A Milli Kadın Hentbol takımının başına Rumen Antrenör Costica Buceschi getirildi. Hocayı çok iyi tanırım. Her şeyden önce çok önemli bir karakter. Herkesin malumu olan Türk hentbolunun sorunlarını da biliyor. Çözümünü de biliyor ve daha önce deneyimlemiş. Saha içinde de kıymetli bir direktör. Başarılı olmasını gönülden diliyorum ve ona güveniyorum. ‘Öteki’ görüp de vurmayalım kafasına. ‘Öteki’ aynadır, unutmayalım. ‘Öteki’ rehberdir, değersizleştirmeyelim. Bizi biçimlendiren öteki, bizdendir. Yardım edelim. Yardım ettiğin el kendi elindir, yoksaymayalım.!
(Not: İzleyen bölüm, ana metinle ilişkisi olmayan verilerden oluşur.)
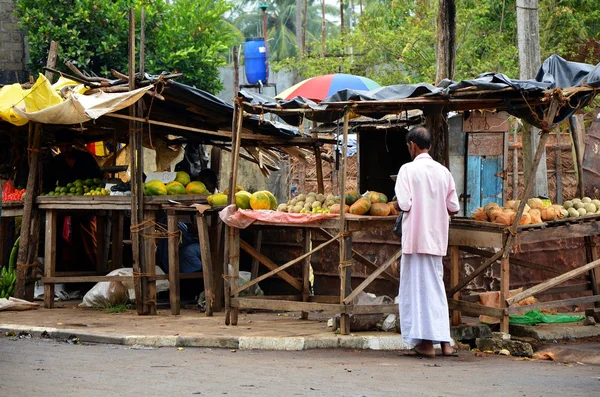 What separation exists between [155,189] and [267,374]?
4.83 meters

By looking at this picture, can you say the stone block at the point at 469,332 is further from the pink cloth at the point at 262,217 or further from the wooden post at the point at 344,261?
the pink cloth at the point at 262,217

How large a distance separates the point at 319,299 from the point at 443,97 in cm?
308

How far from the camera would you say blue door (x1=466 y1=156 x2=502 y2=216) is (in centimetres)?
1828

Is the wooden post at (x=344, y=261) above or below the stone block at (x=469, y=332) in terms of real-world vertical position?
above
Yardımcı Antrenör Serkan İnci… Kendini geliştirmeye bu kadar aç insan nadir tanıdım. Herkesten, her olaydan, her an’dan bir şey öğrenmek; öğrendiklerini hayatına uygulamak, öğrenmek için kazandığının tamamını harcamak… O yola çoktan çıktı, yolu da açık.!

Erdal Kaynak, Türkiye’de sayılı kaleci antrenörlerinden. Hentbolun içinde fiziken olmadığı dönemde, kaleciliğin kitabını yazdı. Teknik taktik anlamda katkısı mutlaka olacaktır. İlker hocayı yeni tanıdım. Katılımcı ve katkıya açık bir profili var. Donanımlı olduğu kadar mütevazi ve uyumlu bir yapıda. 

Aday kadro başta şaşırttı. Sonra düşündürttü. Sonunda mantıklı olduğuna kadar verildi. Aylar önce yaptığım yayında; ön elemelerde tecrübeli ellerin kadroda yer alması gerektiğini, cezalı oyuncuların affedilmesi gerektiğini, tecrübeli-genç kadronun harmanlanmasının uygun olacağını ısrarla ifade etmiştim. Sonrasında da bu konuyla ilgili hiç yorumda bulunmamıştım. Aylar sonra, paralel felsefedeki kurgunun başarılı olmasını dilemekten doğal bir şey yok.